C’est l’un des sujets. L’autre est celui des sanctions : quand et comment seront-elles levées ? Et il y a des divergences profondes sur d’autres points. Pour l’instant, il n’y a d’accord sur aucun des sujets. Sur certains points, nous avons des options avec des positions qui se rapprochent. Mais sur d’autres points, ça n’est pas le cas. Nous avons toujours d’importantes divergences. Le nombre de centrifugeuses n’est que l’un de ces dossiers.

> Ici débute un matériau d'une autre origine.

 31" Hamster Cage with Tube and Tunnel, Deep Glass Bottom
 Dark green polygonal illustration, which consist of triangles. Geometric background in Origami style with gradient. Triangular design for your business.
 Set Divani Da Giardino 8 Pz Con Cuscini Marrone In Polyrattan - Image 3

Si un accord sur le nucléaire est signé dans les prochaines semaines ou les prochains mois, verra-t-on ensuite un changement historique dans la relation entre l’Iran et les Etats-Unis?

Il y a une distinction entre les pourparlers nucléaires et la relation Iran/Etats-Unis. Nous négocions uniquement sur la question nucléaire, dans le cadre du «P5+1» [Les cinq membres permanents du Conseil de sécurité + l’Allemagne]. Même avec un accord je ne crois pas que nous soyons prêts à entamer une discussion avec les Etats-Unis sur l’établissement de relations bilatérales. Nous devons nous concentrer sur la négociation nucléaire.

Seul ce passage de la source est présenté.